Increasing Numbers of Haitians Head to the U.S. by Sea
New front in the border crisis
By Andrew R. Arthur on December 6, 2021

In a July 15 post, I postulated that turmoil in Haiti and Cuba could spur a new boatlift of migrants from the Caribbean to the United States. Recent news reports reveal that the number of Haitian migrants fleeing the country, which shares the island of Hispaniola with the Dominican Republic between Cuba and Puerto Rico, by boat has been on the uptick of late. That news has largely been lost following the end of a fiscal year in which more than 45,000 Haitians were apprehended at the Southwest border.

On November 20, the Washington Post reported that more than 1,500 Haitian nationals were intercepted by the U.S. Coast Guard in FY 2021, three times as many as in FY 2020, and the largest number in five years.

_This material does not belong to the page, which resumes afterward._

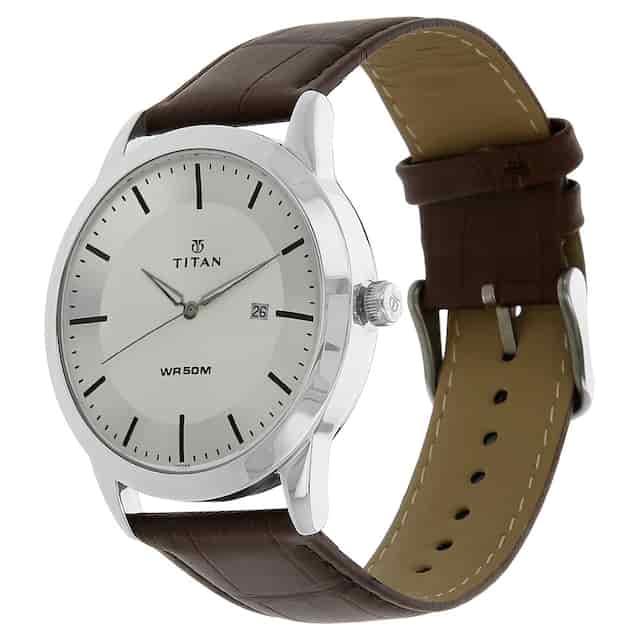 Titan Silver Dial Brown Leather Strap Watch - 1584SL03 - KRISHNA WATCH COMPANY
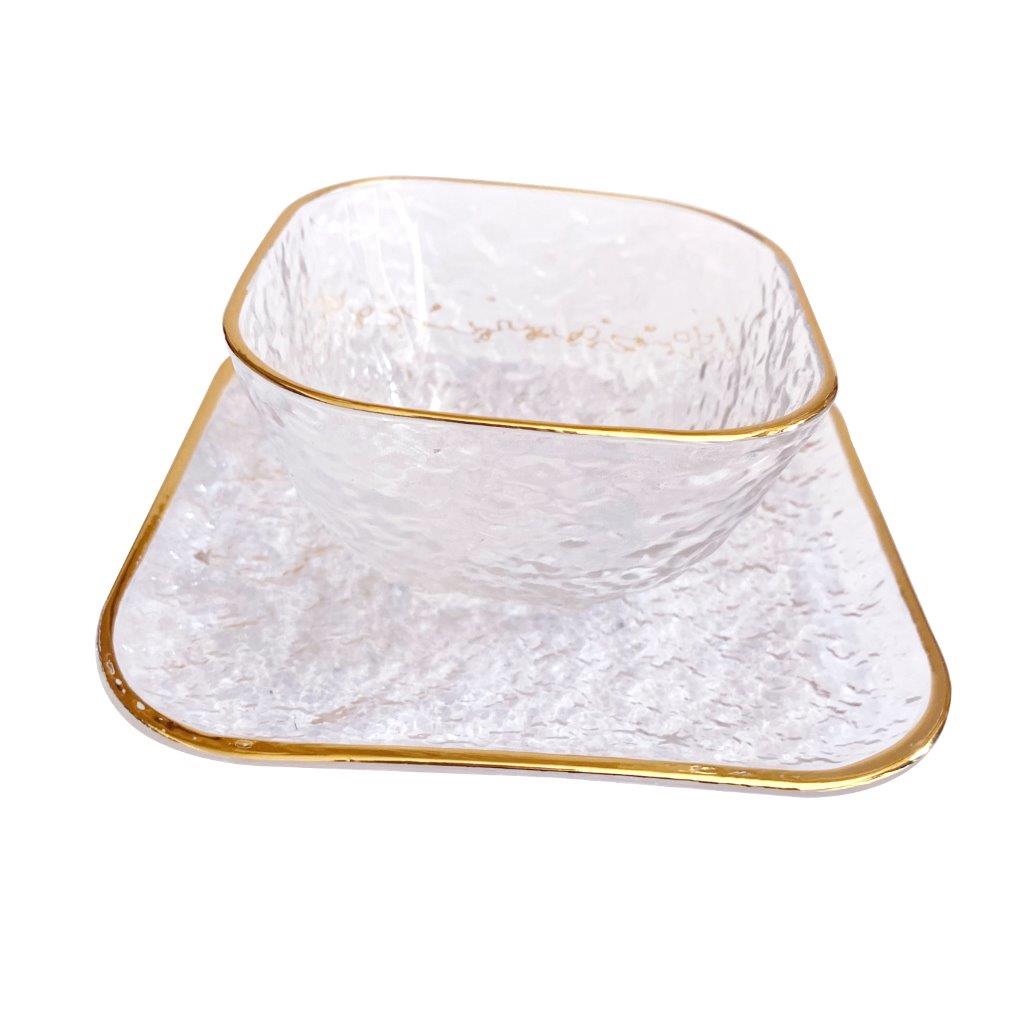 Crystal Glass Ice Cream and Dessert Bowl and Plate Set of 12 Pcs 10.5*5.2/15 cm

Unlike most of the Haitian migrants apprehended at the U.S.-Mexico land border — who are largely leaving South American countries where they were firmly resettled — those migrants were coming directly from Haiti, seeking to escape poverty, violence, and the unsettled political situation there.

Many are setting sail on overcrowded and unseaworthy vessels. The Post article focused on a group of 50 migrants who had set out from the Haitian coastal town of Jérémie in September in what the paper described as a “battered wooden boat” that began to take on water at sea.